On Wednesday, Rep. Roy Blunt, R-Mo., who is running for his state's open Senate seat, released his "jobs plan" at a party sponsored by the U.S. Chamber of Commerce. The main piece involves continuation of the Bush tax cuts for the rich. The second part of the plan, not a plan at all, expounds on "job-killing Obama policies."
"But one aspect of the 'plan,' in particular, caught my attention," writes The Wonk Room's Pat Garofalo. "Blunt spends a lot of time in the document fearmongering about the deficit, saying 'we must put a stop to this reckless and embarrassing culture of running up the bill and passing it along to our children and grandchildren.' He even advocates rescinding the stimulus money that has yet to be spent, which amounts to a tax on the middle class, as $65 billion in remaining stimulus finds have already been dedicated to middle class tax cuts."
Jonathan Chait, writing in the New Republic, reminded his readers yesterday that "the current bout of right-wing economic hysteria is the exact same thing that happened in 1993 when Bill Clinton passed a deficit reduction bill that raised the top tax rate. It was class warfare, socialism or worse."
Articles in Forbes and Fortune at the time urged rich people to give up their citizenship or flee the country in order to avoid Clinton's "punitive" anti-rich policies. There were bumper-stickers, Chait noted, depicting the "C" in "Clinton" as a hammer and sickle.

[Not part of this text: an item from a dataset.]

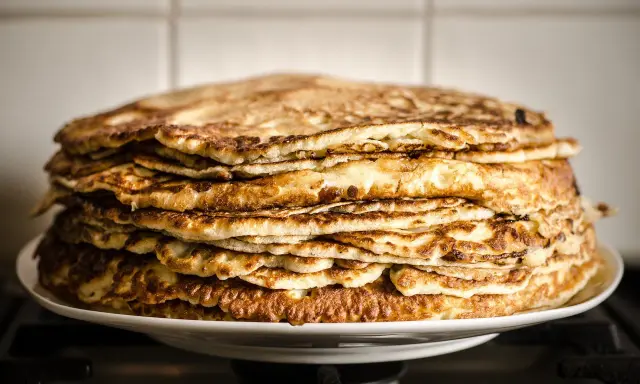 Pile généreuse de crêpes à la farine de châtaigne, dorées et appétissantes, prêtes à être dégustées.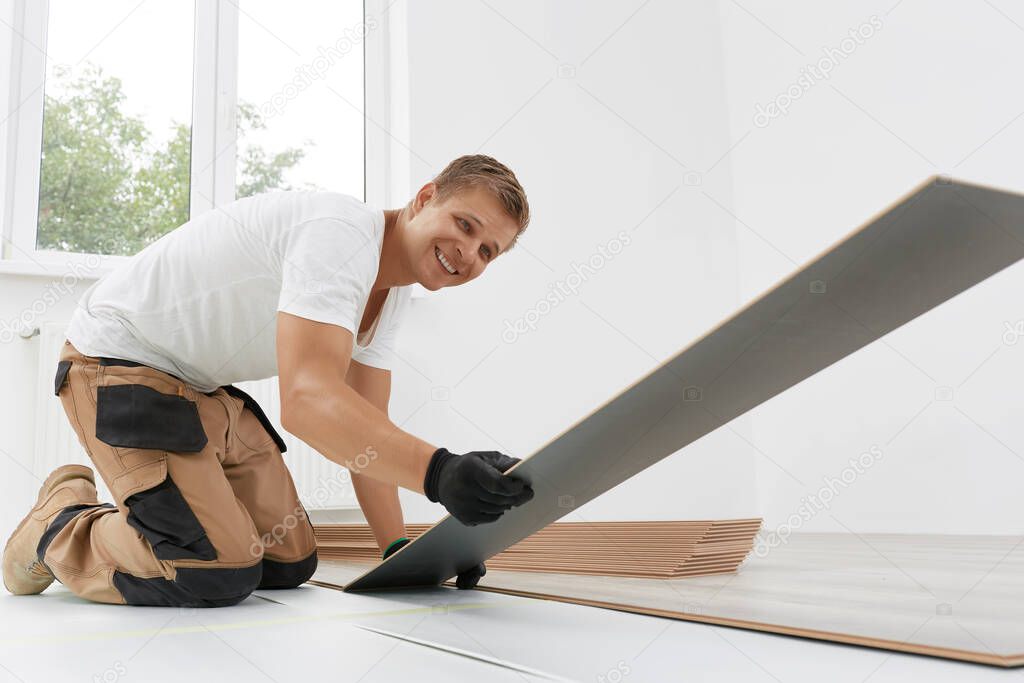 Laying laminate flooring. Floor installation: Close up of New Laminate Floor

Moneywatch's Mark Thoma took on the failure of all the Republican plans to address the need to strengthen consumer demand. Rejecting the Republican view that we can't do anything about high unemployment because it is "structural," he said, "Creating more demand through an additional stimulus package would help to spur demand at businesses leading to higher profits, more confidence, and importantly more investment in structural transformation activities."